83. Precision/Recall Tradeoff

How do you decide a threshold for, let’s say classification? The higher the threshold, the lower the recall, but the higher the precision, and vice versa. This is called the Precision/Recall Tradeoff.

One way is to plot all possible thresholds.

  1. Use decision_function method
    y_scores = cross_val_predict(model, X_train, y_train, cv=3,
  2. With the scores previously computed, compute all possible thresholds
    from sklearn.metrics import precision_recall_curve
    precisions, recalls, thresholds = precision_recall_curve(y_train, y_scores)
  3. Plot
    def plot_precision_recall_vs_threshold(precisions, recalls, thresholds):
        plt.plot(thresholds, precisions[:-1], "b--", label="Precision", linewidth=2)
        plt.plot(thresholds, recalls[:-1], "g-", label="Recall", linewidth=2)
        plt.legend(loc="center right", fontsize=16) 
        plt.xlabel("Threshold", fontsize=16)        
    plt.figure(figsize=(8, 4))                                                                  
    plot_precision_recall_vs_threshold(precisions, recalls, thresholds)

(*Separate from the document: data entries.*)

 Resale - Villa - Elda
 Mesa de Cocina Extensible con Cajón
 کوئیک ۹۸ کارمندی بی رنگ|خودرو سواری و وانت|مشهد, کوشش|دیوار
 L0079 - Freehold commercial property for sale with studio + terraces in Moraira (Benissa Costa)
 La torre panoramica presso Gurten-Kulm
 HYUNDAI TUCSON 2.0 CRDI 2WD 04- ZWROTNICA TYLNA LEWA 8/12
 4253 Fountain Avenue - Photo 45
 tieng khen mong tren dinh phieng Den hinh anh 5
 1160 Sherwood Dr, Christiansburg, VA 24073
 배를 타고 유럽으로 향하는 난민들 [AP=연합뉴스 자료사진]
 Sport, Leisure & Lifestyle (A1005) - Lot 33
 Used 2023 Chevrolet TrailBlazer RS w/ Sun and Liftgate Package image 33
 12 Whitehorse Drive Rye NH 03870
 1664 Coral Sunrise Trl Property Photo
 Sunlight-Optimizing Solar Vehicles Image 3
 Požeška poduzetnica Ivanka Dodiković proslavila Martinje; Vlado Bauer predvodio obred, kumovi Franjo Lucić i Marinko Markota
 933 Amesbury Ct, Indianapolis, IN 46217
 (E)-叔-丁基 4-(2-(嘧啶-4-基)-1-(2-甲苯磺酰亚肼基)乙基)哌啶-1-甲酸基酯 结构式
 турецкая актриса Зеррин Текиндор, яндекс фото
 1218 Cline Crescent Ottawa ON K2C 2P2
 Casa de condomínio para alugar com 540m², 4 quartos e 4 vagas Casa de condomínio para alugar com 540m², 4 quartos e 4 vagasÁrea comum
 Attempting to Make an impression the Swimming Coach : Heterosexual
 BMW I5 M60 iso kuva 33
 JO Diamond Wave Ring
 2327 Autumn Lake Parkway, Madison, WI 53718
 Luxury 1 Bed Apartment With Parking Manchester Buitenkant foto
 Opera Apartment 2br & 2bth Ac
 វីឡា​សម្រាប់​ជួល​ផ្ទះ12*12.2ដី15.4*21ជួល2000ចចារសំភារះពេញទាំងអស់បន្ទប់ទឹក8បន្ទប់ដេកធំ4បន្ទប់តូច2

Another way is to plot precision directly against recall.

def plot_precision_vs_recall(precisions, recalls):
    plt.plot(recalls, precisions, "b-", linewidth=2)
    plt.xlabel("Recall", fontsize=16)
    plt.ylabel("Precision", fontsize=16)
    plt.axis([0, 1, 0, 1])

plt.figure(figsize=(8, 6))
plot_precision_vs_recall(precisions, recalls)


You can see that precision falls dramatically around 80% recall. So, for this case, you will probably want to select a precision/recall trade-off before that fall which is about 60% recall.